● **Available data**:
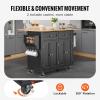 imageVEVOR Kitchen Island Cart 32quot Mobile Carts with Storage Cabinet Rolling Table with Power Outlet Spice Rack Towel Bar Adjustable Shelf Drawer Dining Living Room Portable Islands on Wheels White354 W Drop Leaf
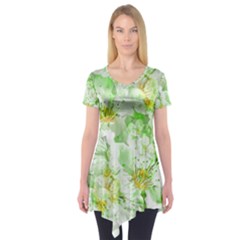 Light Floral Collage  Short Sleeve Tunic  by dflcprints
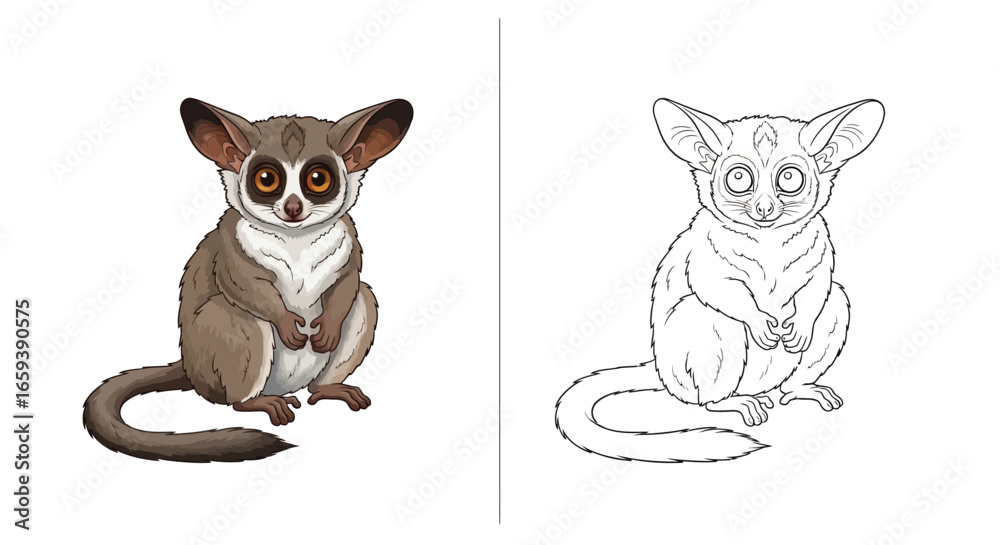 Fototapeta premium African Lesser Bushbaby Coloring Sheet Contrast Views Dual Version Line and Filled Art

...

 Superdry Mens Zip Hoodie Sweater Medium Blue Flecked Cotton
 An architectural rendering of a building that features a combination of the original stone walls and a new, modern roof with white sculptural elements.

● **Instructions to follow**:
Above is the material; set down exactly its lines from the one containing "Light Floral Collage" down to the one containing "Fototapeta premium African", both included, leaving out any pictures.

● **Expected answer**:
 Light Floral Collage  Short Sleeve Tunic  by dflcprints
 Fototapeta premium African Lesser Bushbaby Coloring Sheet Contrast Views Dual Version Line and Filled Art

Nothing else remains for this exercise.